Adsorbing Arsenic

Nov. 10, 2014
Texas town no longer burdened with elevated levels of arsenic, silica & vanadium

Although it is a small town with a population of 2,800, Little Freer, Texas, stakes claim to two distinguishing characteristics compared with other cities in Texas—one historical, the other tourist related. Freer is home to the country’s first drilled oil wells as well as a 7-ft-tall statue of a rattlesnake that stands outside the Freer Chamber of Commerce.

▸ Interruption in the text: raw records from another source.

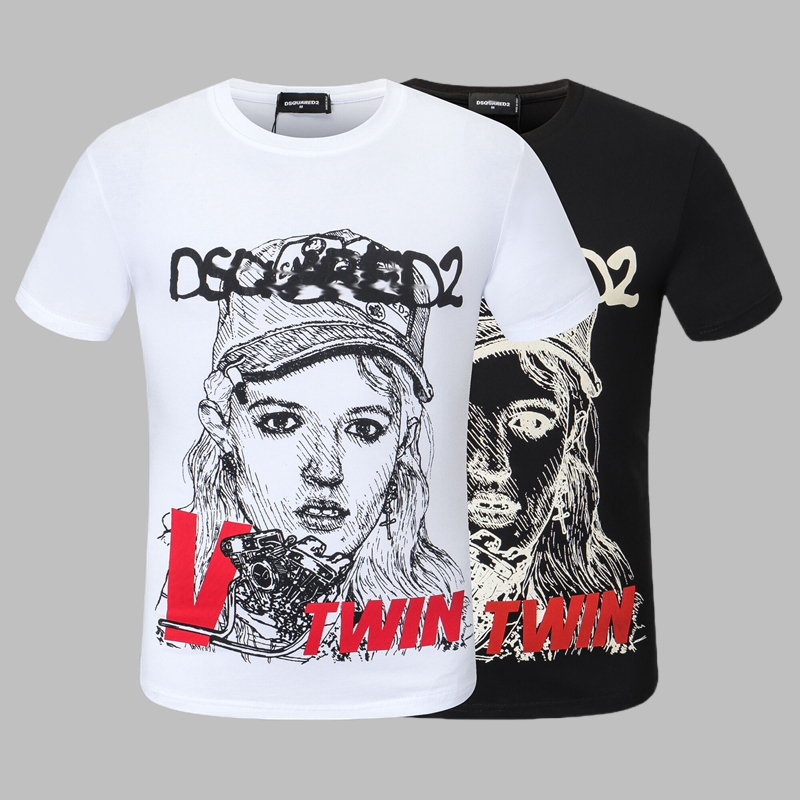 DSQ2 Men's 2026 Casual T-shirt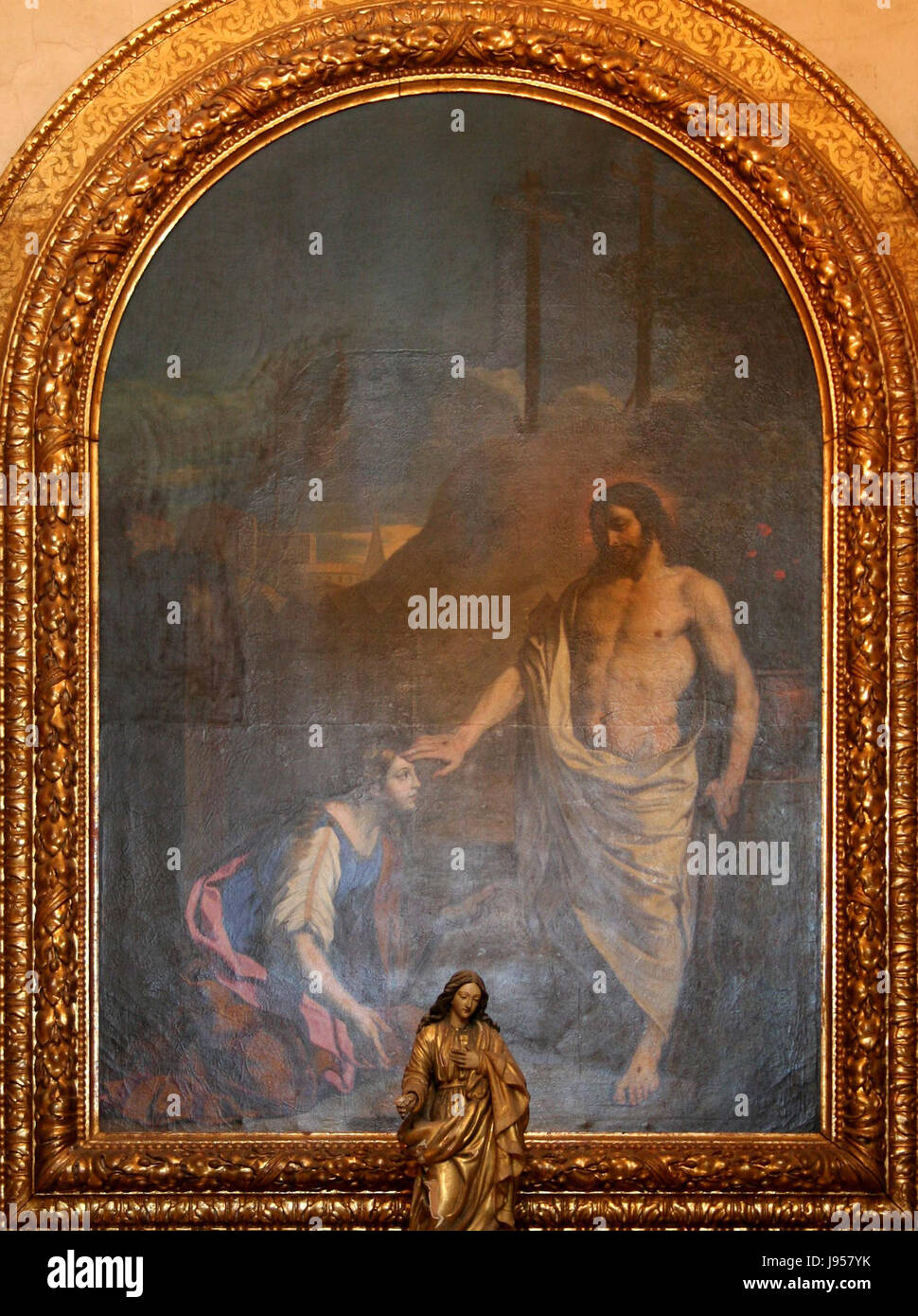 Nicolas Mignard Noli me Tangere Cavaillon Stockfoto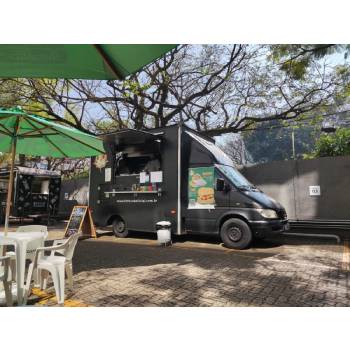 Food Truck Lanches no Aeroporto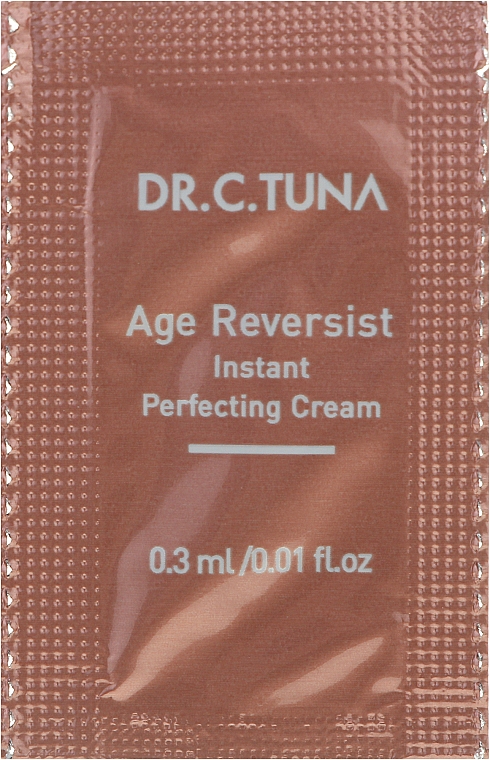 Крем против морщин мгновенного действия - Farmasi Dr.C.Tuna Age Reversist Instant Perfecting Cream — фото N2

The statue celebrates Freer’s annual rattlesnake roundup, one of the largest in the U.S. Although it has a unique background, Freer shares a common problem with hundreds of other communities in the Southwest: arsenic in its potable water supply.

In 2011, arsenic levels in the water provided by the Freer Water Control Improvement District (WCID) from its eight wells averaged 34 parts per billion (ppb) and ranged as high as 45 ppb—both figures well above the U.S. Environmental Protection Agency (EPA) standard for drinking water, 10 ppb. The wells also contained elevated levels of phosphate, silica and vanadium, each of which can impact the effectiveness of an arsenic treatment system. Granted an extension by the Texas Commission on Environmental Quality (TCEQ) to remediate the problem after the EPA deadline for compliance, the Freer WCID began to investigate various arsenic treatment options.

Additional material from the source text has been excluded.